Fortunately, we have an instrument (blood type) which modifies the treatment (time to transplantation) without modifying any confounders (the exclusion restriction says that the instrument has no effect on the outcome in any way except through the treatment - this would not be true if the instrument was correlated with a confounder). The exclusion restriction is embodied by the lack of an arrow between the instrument (blood type) and the outcome (death within 1 year) in the graph below.

Now, since the instrument affects the outcome solely through the treatment, any observed difference between the outcome (survival) between different levels of the instrument (blood types) must be due to the subsequent differences in the treatment (wait time).

It turns out that the effect of having blood type AB versus blood type O is that an individual is 7% less likely to die within 1 year.

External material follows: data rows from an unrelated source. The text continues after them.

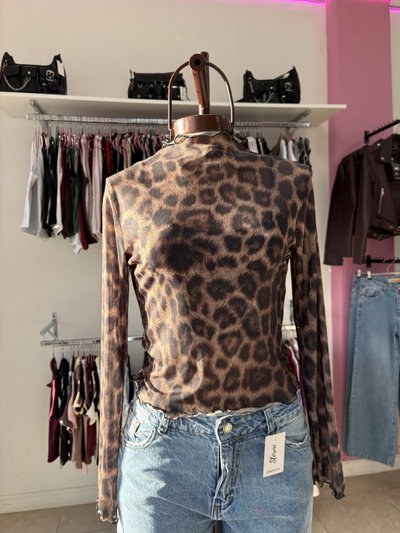 Polera De Tul Animal Print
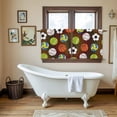 thumbnail image 4 of Brown Balls Tier Curtains 36 Inch Length, Baseball Tennis Basketball Football Cafe Short Curtains for Bathroom Over Sink, Small Kitchen Curtain Light Filtering Tiered Drapes 2 Panels 27.5"Wx36"L, 4 of 8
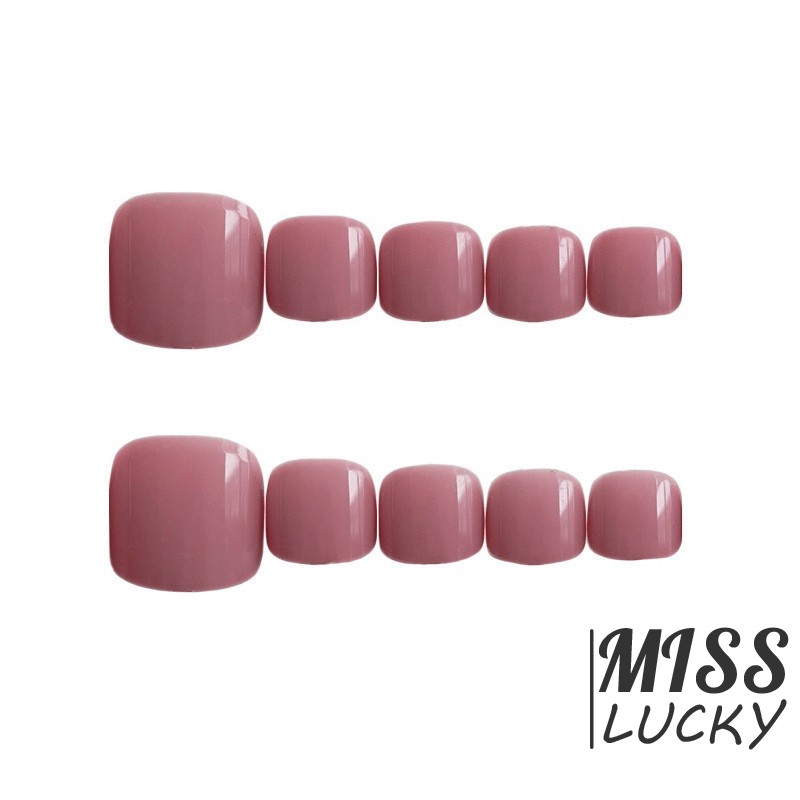 Bộ 24 móng tay giả màu đậu đỏ tươi mát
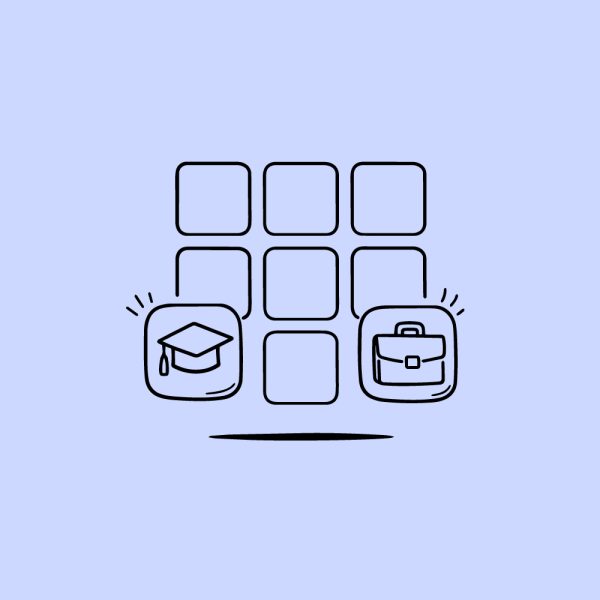 Icon of 9 grid square with education cap and briefcase on a purple background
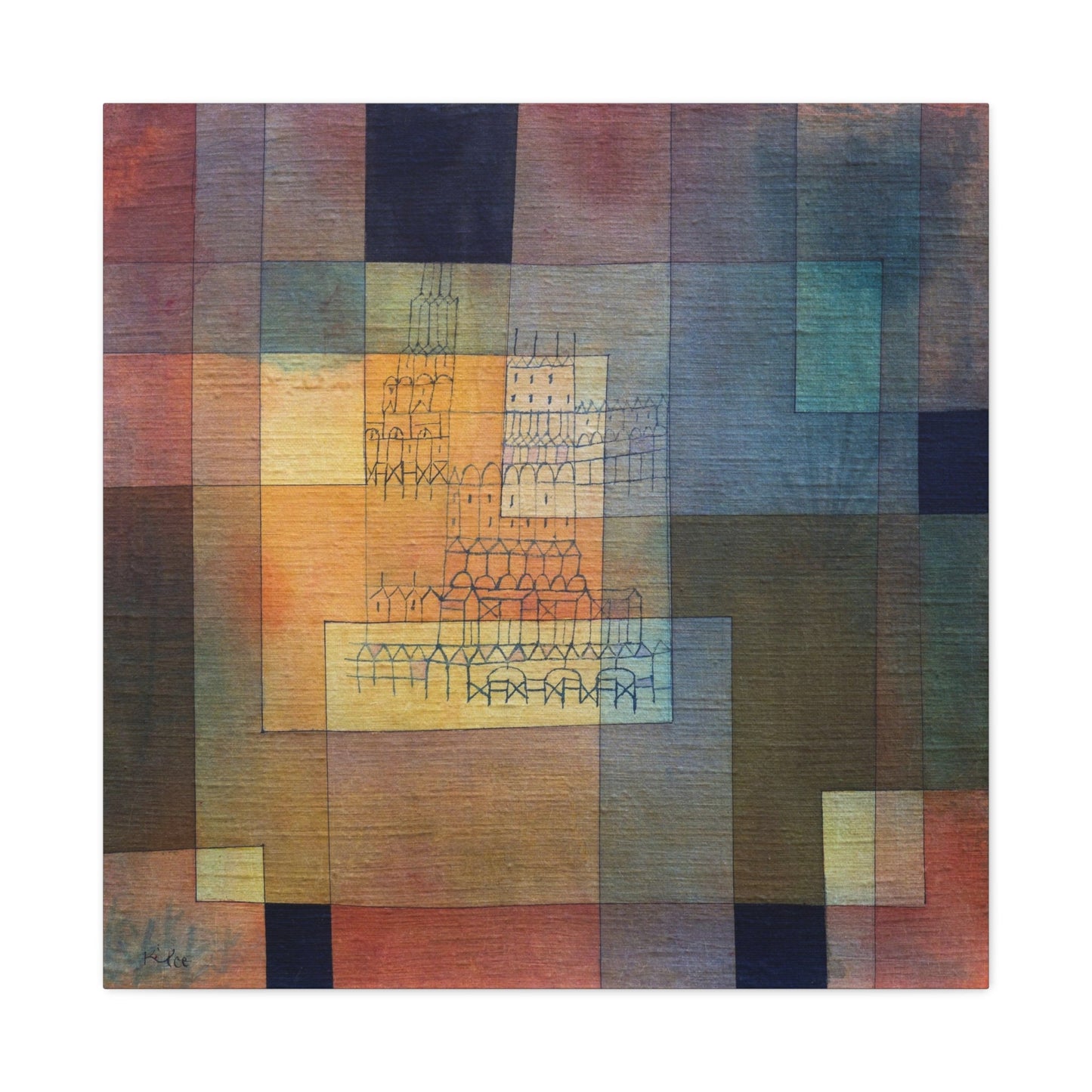 Paul Klee Polyphonic Architecture Stretched Canvas Abstract Wall Art, Paul Klee Modern Reproduction Painting, Paul Klee Ready to Hang Print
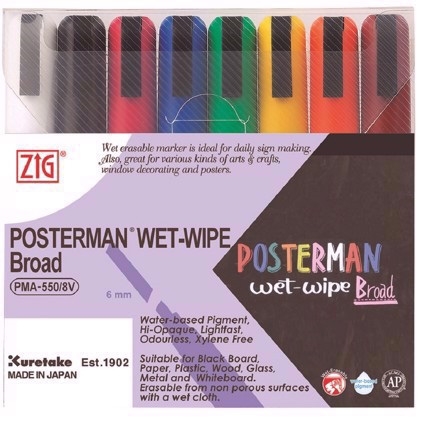 ZIG Marker Posterman wet-wipe 6mm 8 - set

Since under the exclusion restriction there is no direct effect of blood type on death within 1 year (except via the treatment), this must be due to the difference in transplant wait time (the treatment) between the blood types.

Since patients with blood type AB are 23% more likely to be transplanted within 1 month than patients with blood type O, we can conclude that the effect of a 23% increase in the chance of being transplanted within 1 month is a 7% decrease in the chance of death within one year.

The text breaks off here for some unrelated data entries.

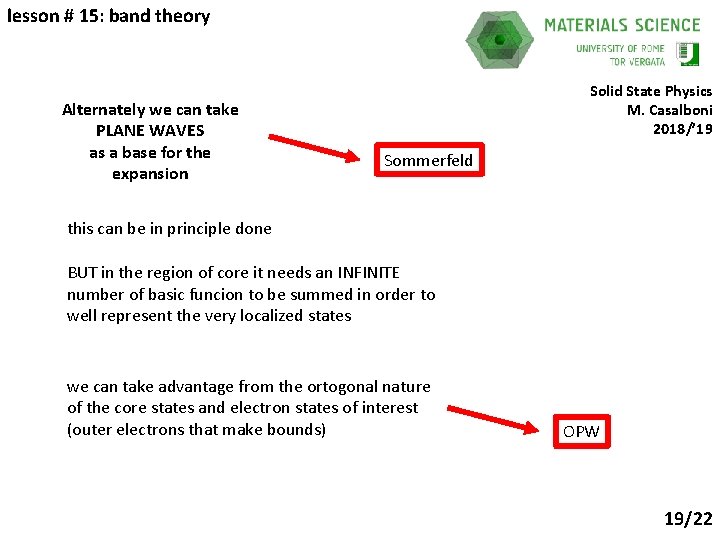 lesson # 15: band theory Alternately we can take PLANE WAVES as a base
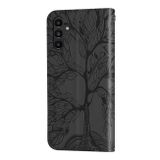 Peněženkové kožené pouzdro Tree Pattern pro Samsung Galaxy A25 5G - Černá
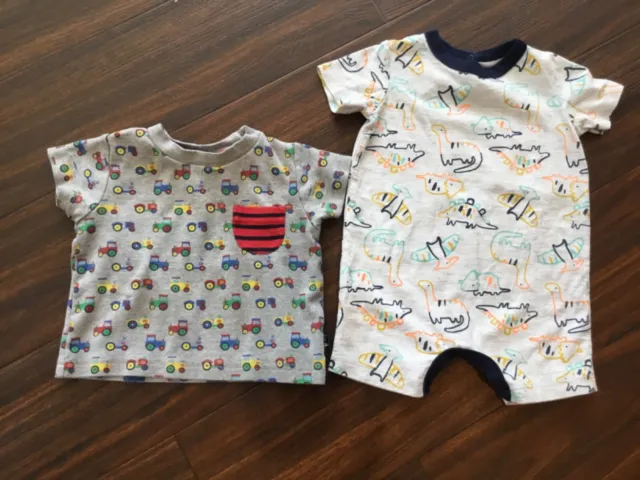 Jojo Maman Bebe Boys Tractor T-shirt + Babygrow 6-12 Months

Mathematically, to scale up the effect of “being 23% more likely to be transplanted within a month” to the effect of “being 100% more likely to be transplanted within a month” (i.e. of being transplanted within a month vs not being transplanted within a month) is equal to

\[\frac{\textrm{Effect of AB vs O on death in 1 year}}{\textrm{Effect of AB vs O on transplantation in 1 month}} = \frac{-0.07}{0.23} = -0.3\]

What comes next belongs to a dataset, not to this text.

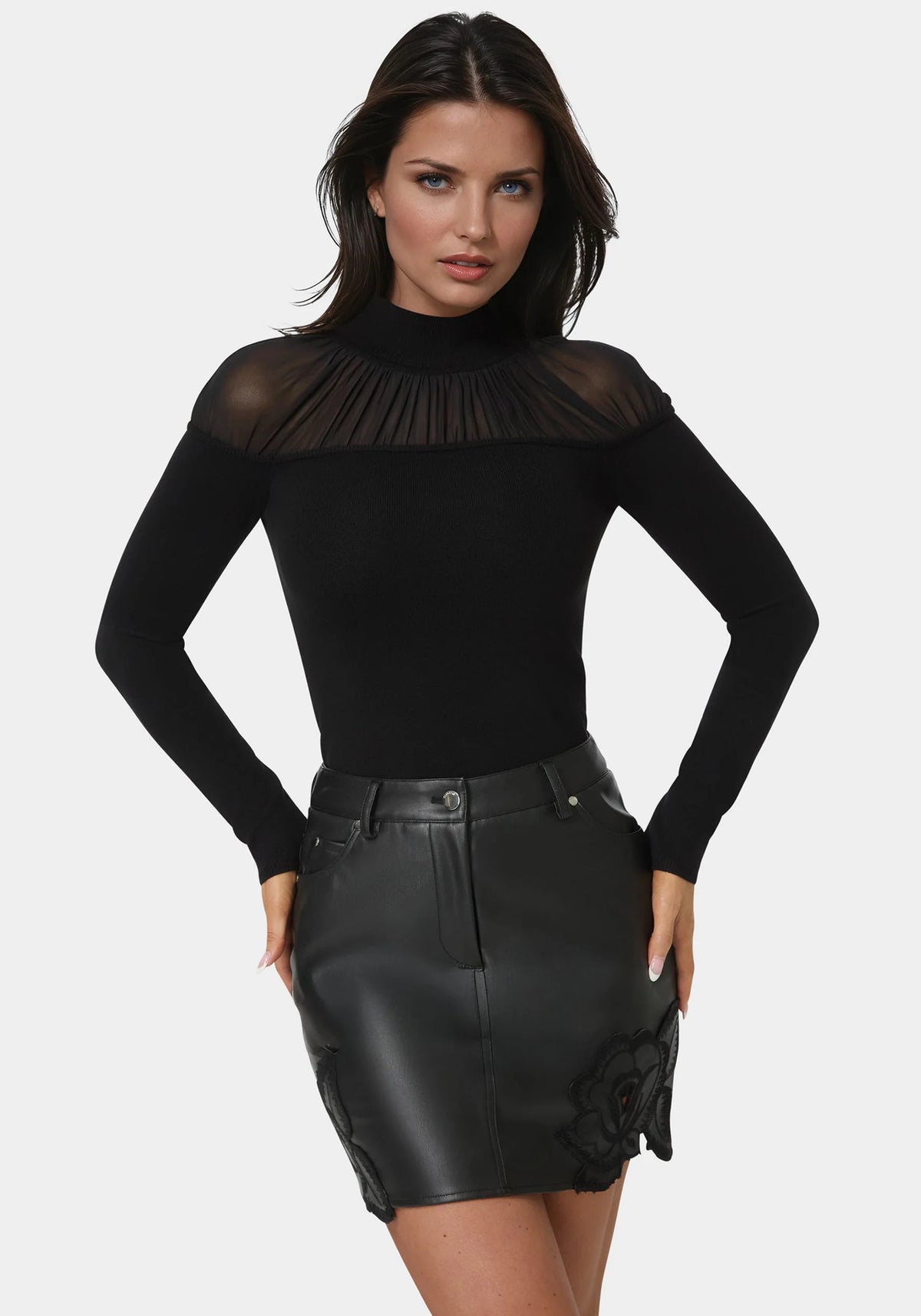 Mesh Insert Long Sleeve Sweater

That is, being transplanted within 1 month decreases the chance of death within 1 year by 30%!

It is important to note that since we are estimating the effect of changes in the treatment that were caused by the instrument only (rather than the effects of arbitrary changes in the treatment), the instrumental variables treatment effect estimate is not for the entire population, but only for those who are influenced in some way by the instrument (the “compliers”). Thus this estimate is called the Local Average Treatment Effect (LATE).

The estimator above is often referred to as the Wald estimator and can be written as

\[\textrm{Wald estimator} = \frac{\textrm{Cov(outcome, instrument)}}{\textrm{Cov(treatment, instrument)}}\]

In practice, IV is often implemented in a two-stage lease squares (2SLS) procedure that can be shown quite easily to be equivalent to the Wald estimator in simple cases (i.e. when not adjusting for other variables).

Resources

The resource that I found to be most useful was Chapter 10.5 of Andrew Gelman and Jennifer Hill’s book Data Analysis Using Regression and Multilevel/Hierarchical Models
The series of YouTube videos by Ben Lambert were also really helpful https://youtu.be/NLgB2WGGKUw

Notes

It turns out that you can quantify sickness in the context of liver transplantation using something called the MELD score (model for end-stage liver disease score). But even if we know current MELD score, future MELD score will still be a confounder since if your MELD rapidly increases then you are getting sicker faster and will be transplanted sooner.
If there is anything that is unclear in this post, please feel free to ask questions in the comments section so that I can improve it.